WHAT TO WORK ON →
Using the records below, repeat exactly the lines from the one holding "Abstraktes Muster Capri" through the one holding "Mono Unikko bags", both ends included, and no others.

EXCERPTED DATA →
========

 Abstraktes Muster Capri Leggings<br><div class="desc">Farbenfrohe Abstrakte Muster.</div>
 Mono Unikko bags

========

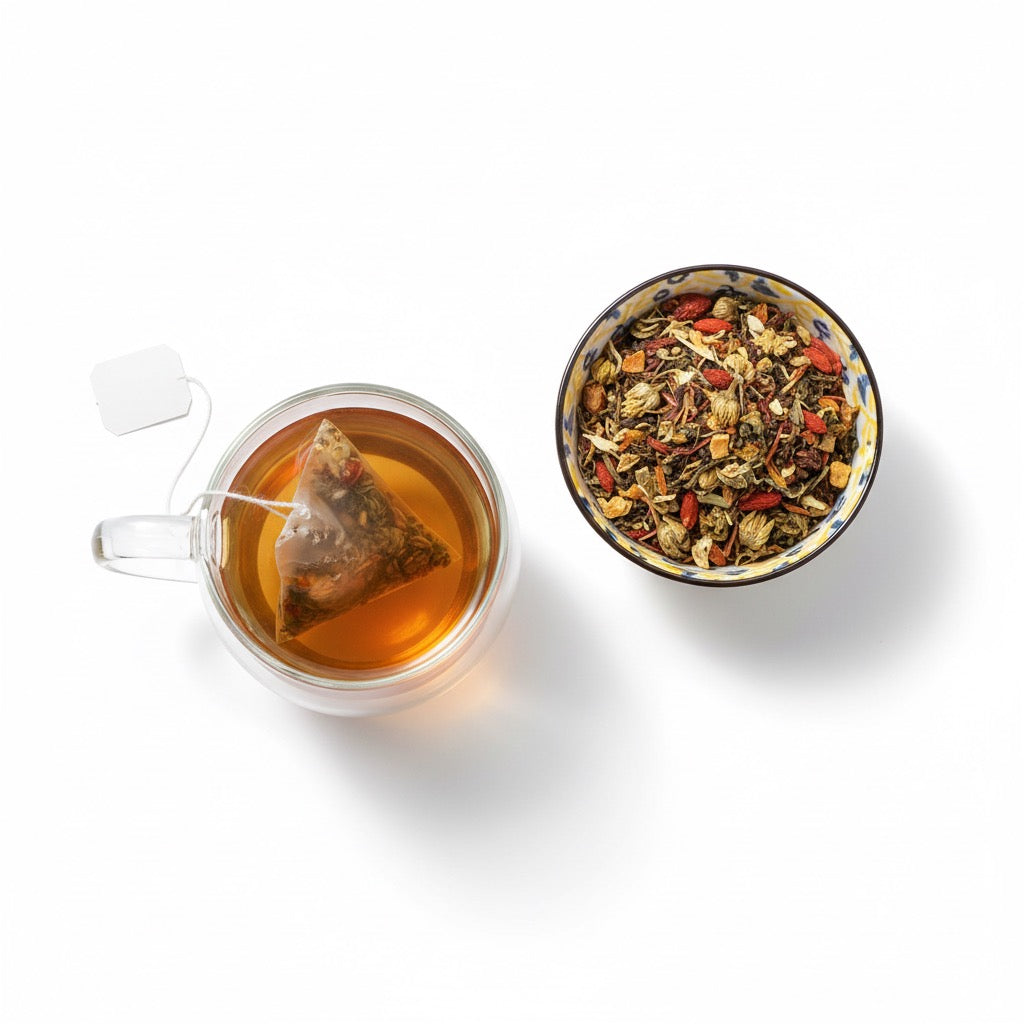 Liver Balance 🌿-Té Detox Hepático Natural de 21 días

========

SOLUTION FOR THIS EXERCISE →
 Abstraktes Muster Capri Leggings<br><div class="desc">Farbenfrohe Abstrakte Muster.</div>
 Mono Unikko bags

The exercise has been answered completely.